Analytic Engine Clustering

Analytic Engine clustering distributes the Optimize information processing load across multiple Analytic Engines, either to facilitate system high availability or to maximize Analytic Engine data throughput. Analytic Engine clustering requires a single Terracotta Server or a Terracotta Server Array to coordinate system throughput. A Terracotta Server Array (TSA) is a combined hardware software solution to managing data processing that facilitates scaling and clustering. It uses in memory storage and processing rather than a conventional database. Terracotta based clustering is appropriate for mission-critical implementations and for some systems that experience high levels of data throughput. Depending on your system availability needs and resources, you can configure either a single node TSA or a distributed TSA.

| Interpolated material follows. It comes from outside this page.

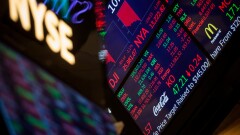 A monitor displays stock market information on the floor of the New York Stock Exchange.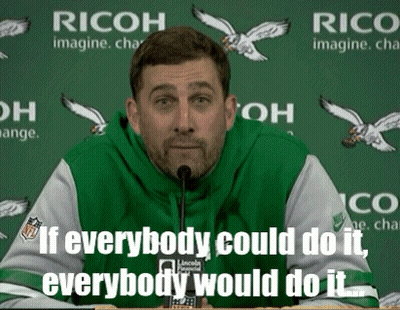 Man Speaking Into Microphone In Front Of Ricoh Sign GIF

This section describes important considerations and potential costs and benefits of implementing Analytic Engine clustering. Also, it explains how to implement clustering. Planning, implementing, and configuring a TSA involves many variables and considerations that are beyond the scope of this document. For information about planning, configuring, and running a Terracotta Server Array, refer to the Terracotta website and product documentation. For information about installing Terracotta in a webMethods environment, refer to Installing Software AG Products.

Optimize users should understand that clustering is not appropriate for every system configuration, and they should weigh the requirements and effort of implementation against potential benefits. In general, a non-clustered system is appropriate if you have adequate hardware resources to manage your data load with a single Analytic Engine. Also, a non-clustered configuration is appropriate if hardware is limited and your system is not mission critical, and you are not concerned with system downtime in the event of a hardware/software failure.

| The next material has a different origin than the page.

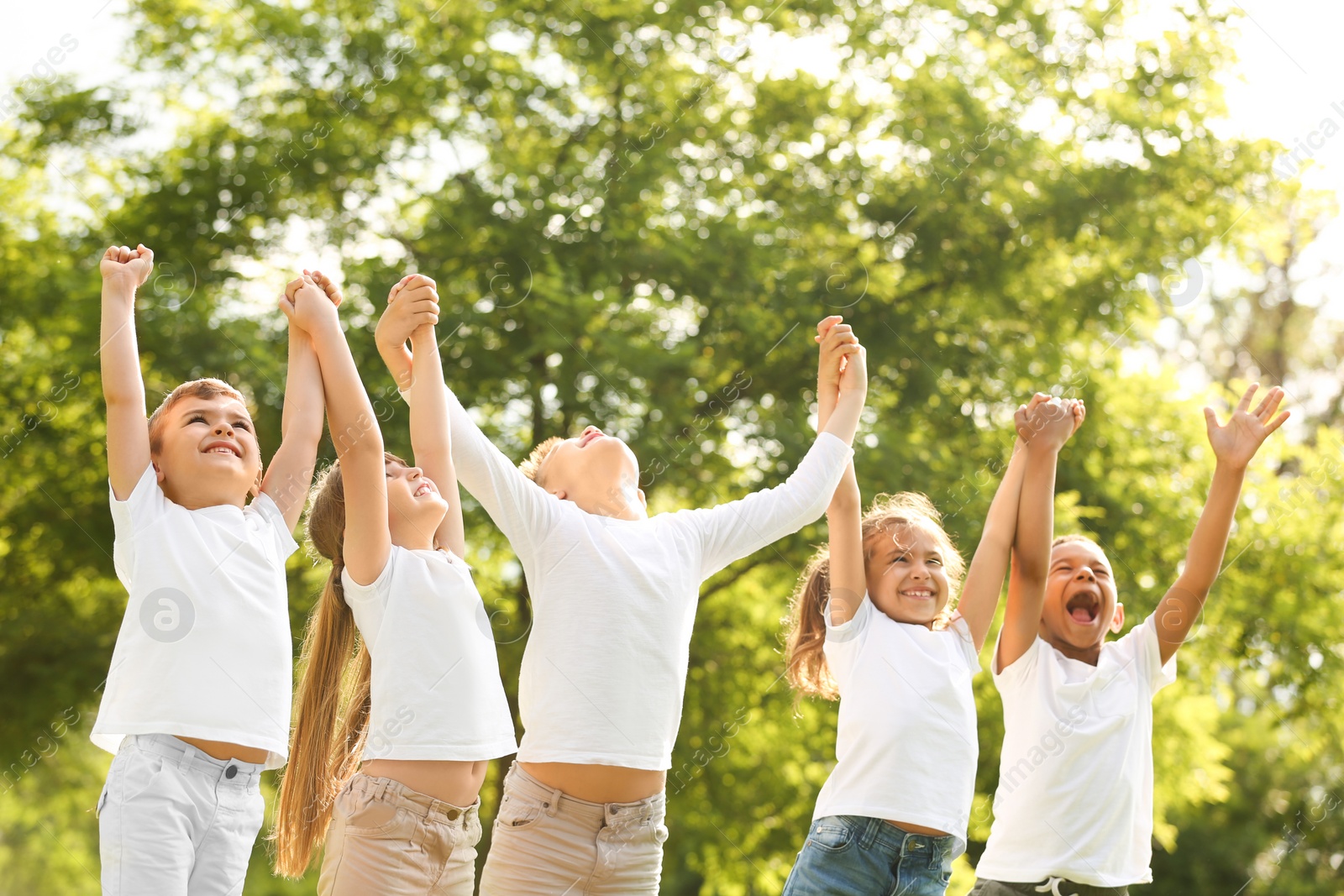 Photo of Group of children holding hands up in park. Volunteer project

Also, while clustering can increase system data throughput, it may or may not be an effective means of enhancing system performance, depending on your specific configuration and data volume. In fact, configuring two Analytic Engine nodes typically causes a reduction in data throughput on individual machines due to the TSA overhead involved in managing data across nodes, though this throughput penalty should disappear as you add more Analytic Engine nodes.

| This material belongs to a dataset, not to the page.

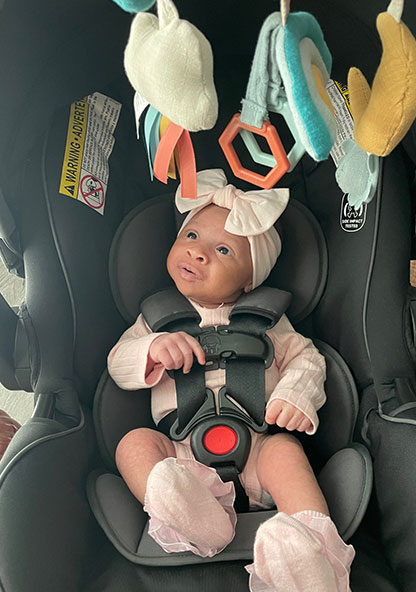 Baby Raya in her car seat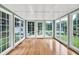 Sunroom featuring hardwood floors, white trimmed windows, and lots of natural light at 8140 Wood St Se, Covington, GA 30014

Clustering is an appropriate option for Optimize users who require system high availability and want to minimize the risk of a single Analytic Engine-related failure point. In a clustered system, data is distributed across all nodes and redundancy is enforced so that failure of a single node will not result in system down time. For most system configurations, a two node Analytic Engine cluster provides a reasonable balance of high availability and system throughput. Note that with a TSA based clustering configuration, you can add Analytic Engine nodes at any time without any system re-configuration.

Also, note that while a clustered system configured with an appropriate TSA and multiple Analytic Engines nodes can provide a significant degree of system high availability, you must plan for and implement database and Broker high availability separately, if total system high availability is required for your system configuration. In addition, to meet typical high availability requirements, you must configure a distributed TSA as opposed to a single node implementation, which requires appropriate hardware and a fairly complex system configuration.

From a performance perspective, clustering is most effective in maximizing data throughput for situations that involve a loading characteristics with many KPI instances and a small number of events per minutes occurring for each KPI instance. The quantity of rules defined against the KPI instances also affects performance. If you have multiple rules defined against each KPI instance, increasing the number of Analytic Engine nodes will generally maximize data throughput.

Analytic Engine clustering is available for all Optimize environments that use a TSA. To implement clustering, you must set up the appropriate number of machines running Analytic Engines and configure the environment as described in Defining Analytic Engine Cluster Settings. The system will automatically configure the sag.opt.clusterable.caches.xml file located on each computer in the cluster, based on the number of machines/Analytic Engines available.